In this exercise, print only the lines from the line with "German Shepherd dogs" to the last line of the data below, inclusive. Any pictures should be left out.

:: Data to use ::
┏━━

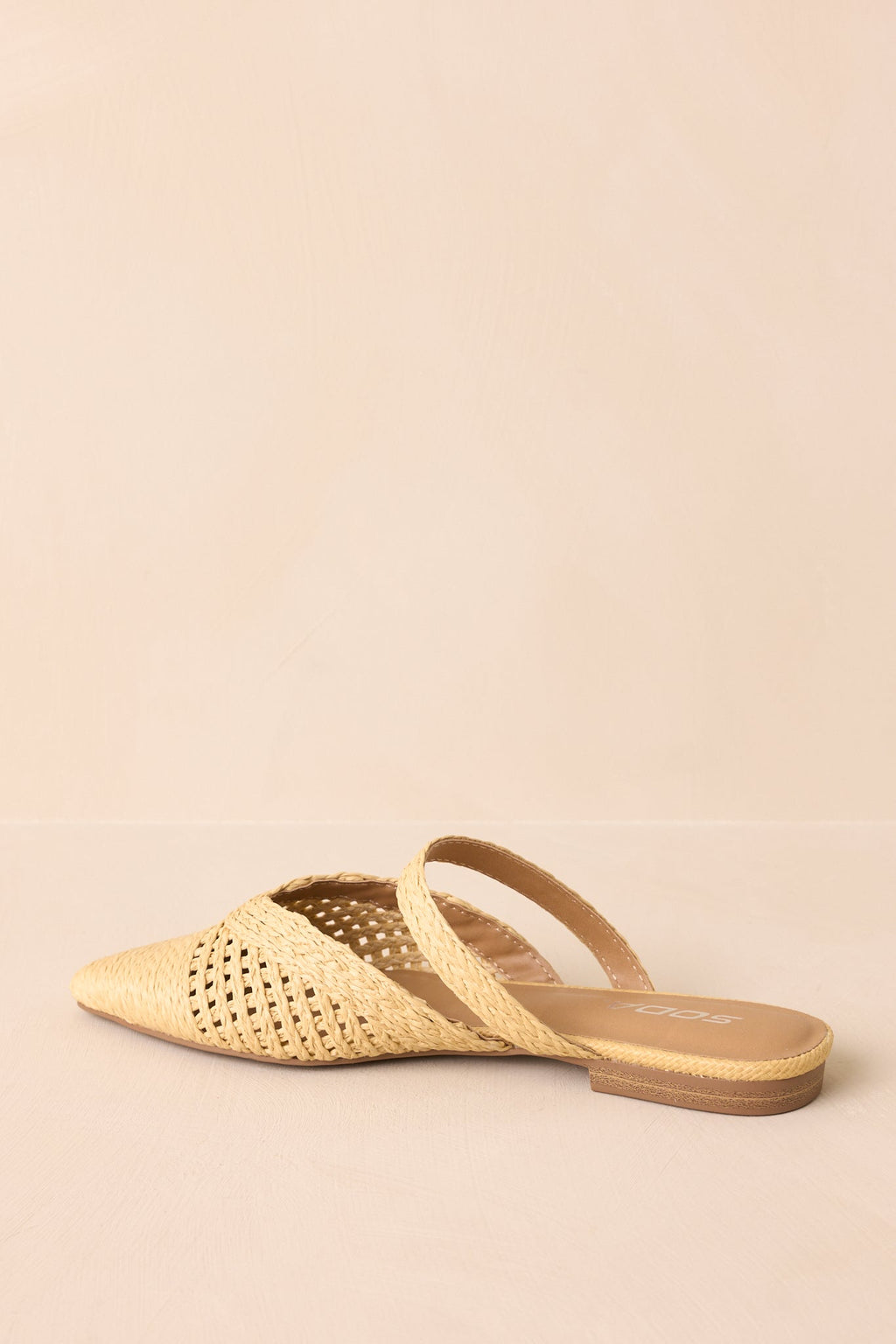 There She Goes Mules elegantes de rafia tejida con punta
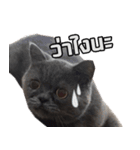 kingkongcat（個別スタンプ：16）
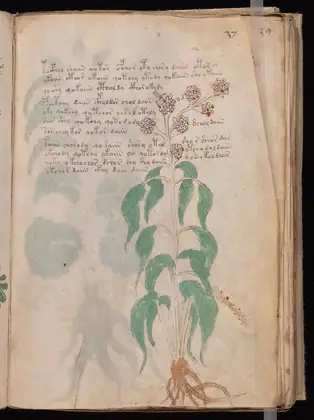 Folio 37r of the Voynich Manuscript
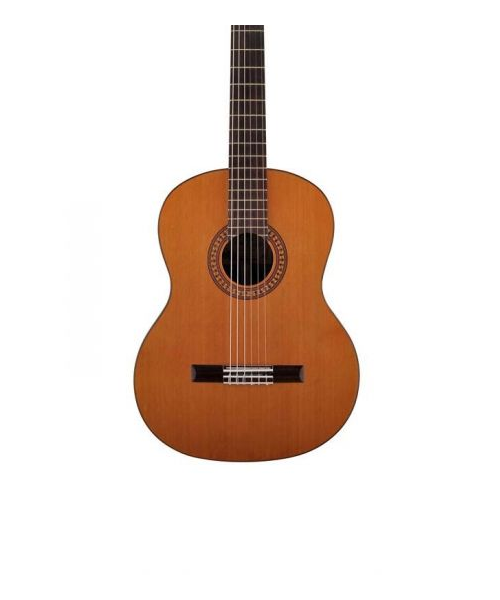 Salvador Cortez DC-50 Classic Guitar 4/4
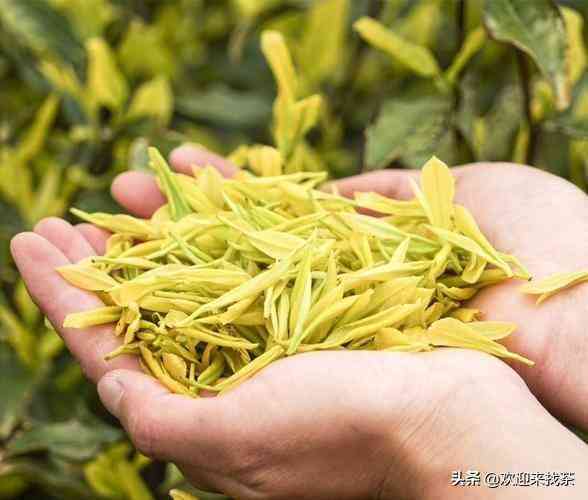 黄金芽茶叶价格一般在多少插图6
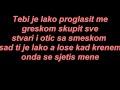 Tose Proeski - Srce nije kamen (Lyrics) by Nikola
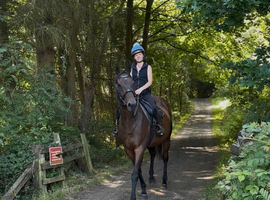 16.1hh bay mare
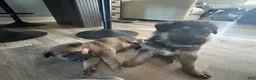 German Shepherd dogs for sale: Brownie - Ad 3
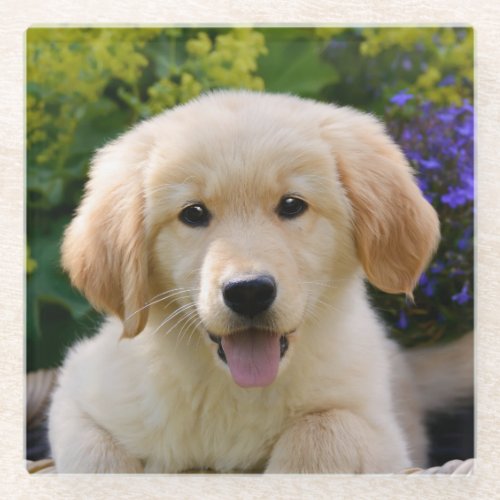 Charming Goldie Dog Puppy Cute Photo Table_Decor Glass Coaster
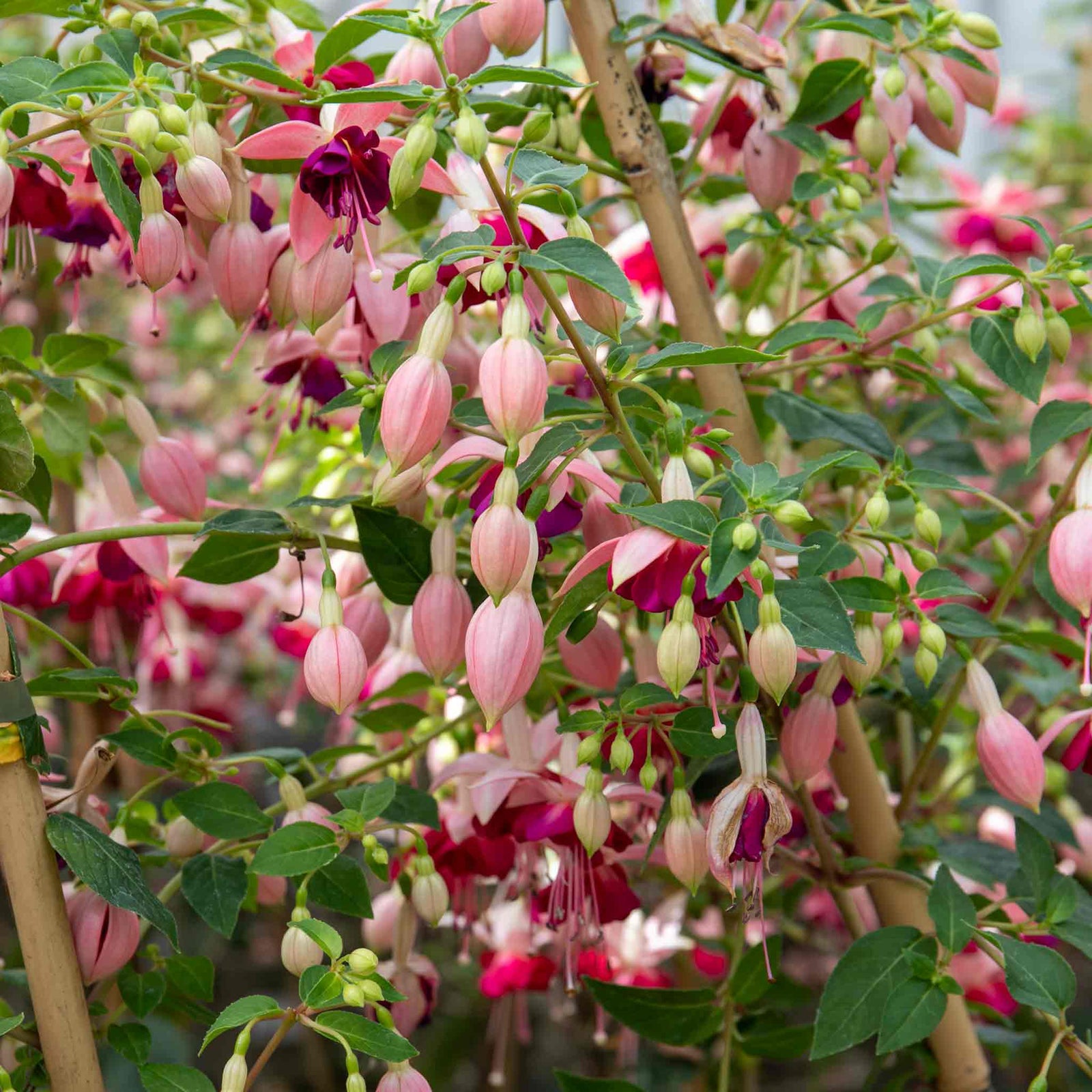 Fuchsia Standard 'paula Jane' | 1 x 3L | Pink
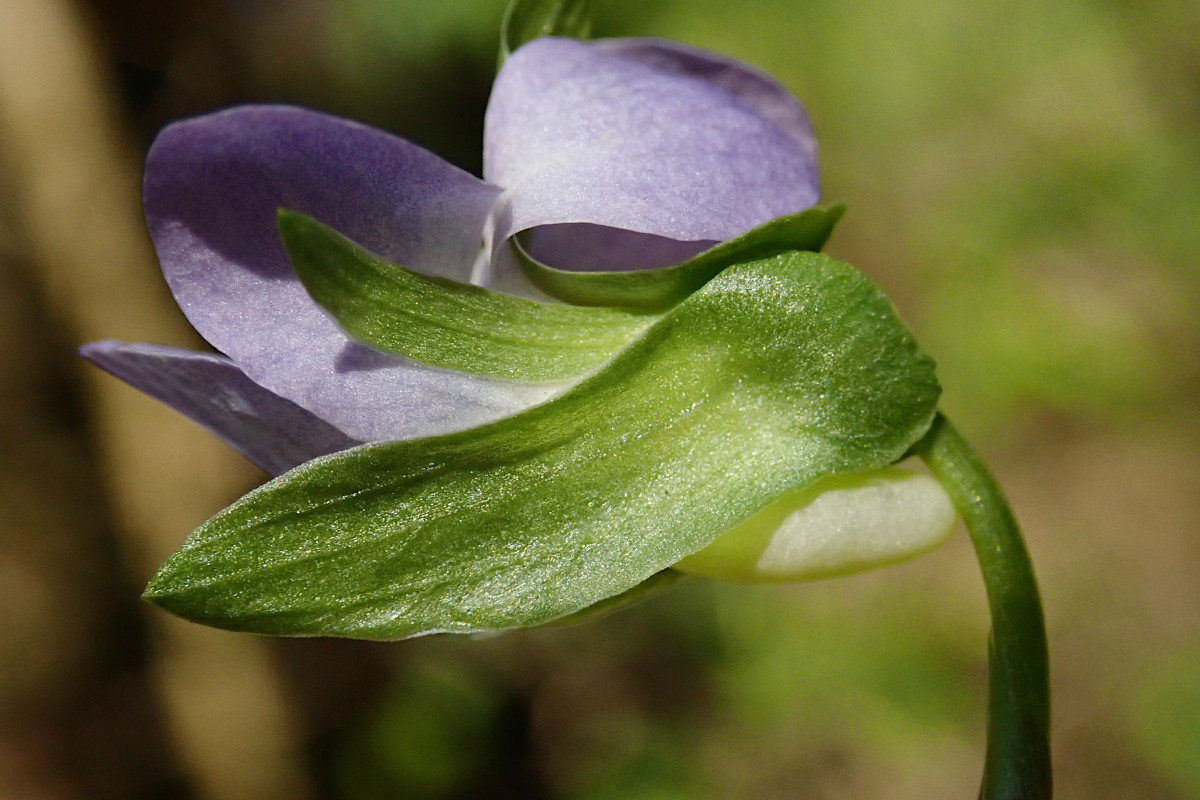 Viola-d_04-2025.jpg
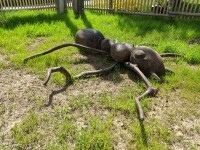 Dům přírody Žďárských vrchů (foto 11)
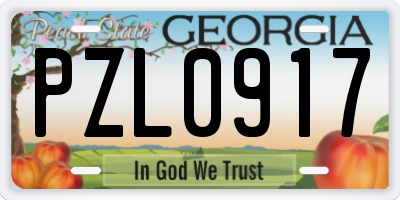 GA license plate PZL0917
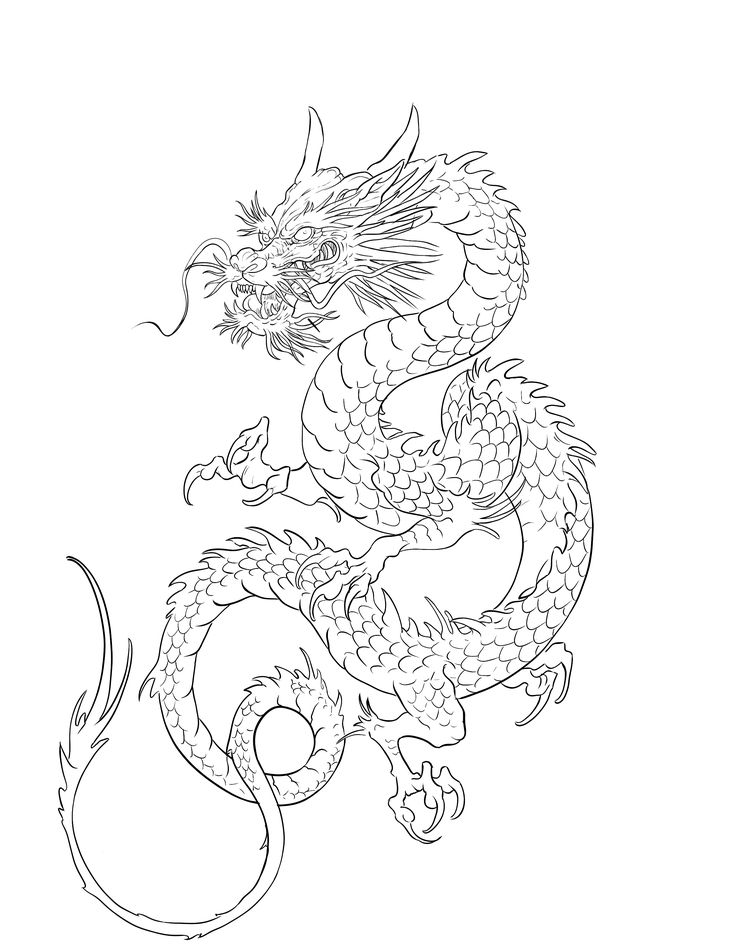 a black and white drawing of a dragon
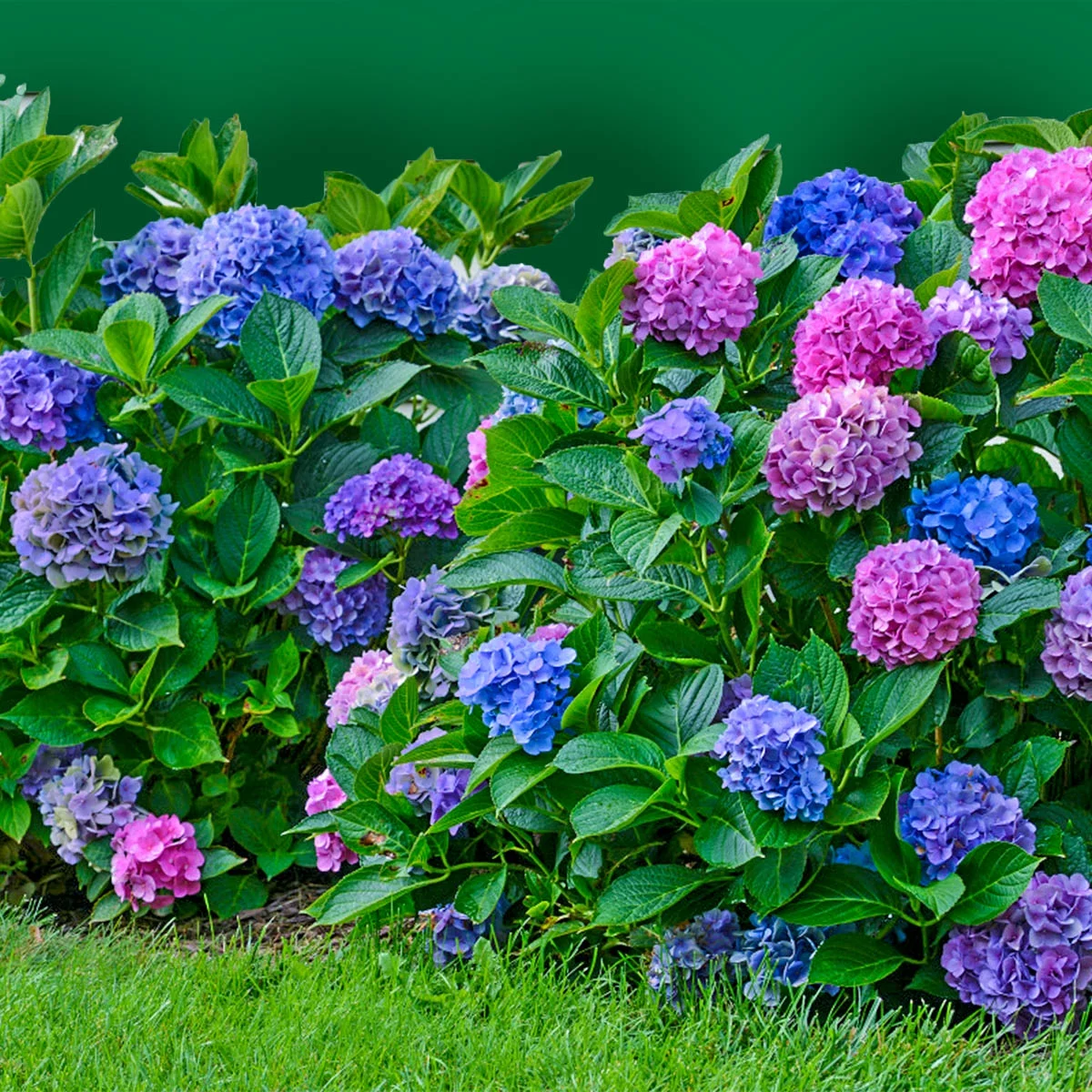 L.A. Dreamin Hydrangea Dormant Bare Root Starter Shrub, 1-Pack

┗━━

:: Result of this exercise ::
 German Shepherd dogs for sale: Brownie - Ad 3
 Charming Goldie Dog Puppy Cute Photo Table_Decor Glass Coaster
 Fuchsia Standard 'paula Jane' | 1 x 3L | Pink
 Viola-d_04-2025.jpg
 Dům přírody Žďárských vrchů (foto 11)
 GA license plate PZL0917
 a black and white drawing of a dragon
 L.A. Dreamin Hydrangea Dormant Bare Root Starter Shrub, 1-Pack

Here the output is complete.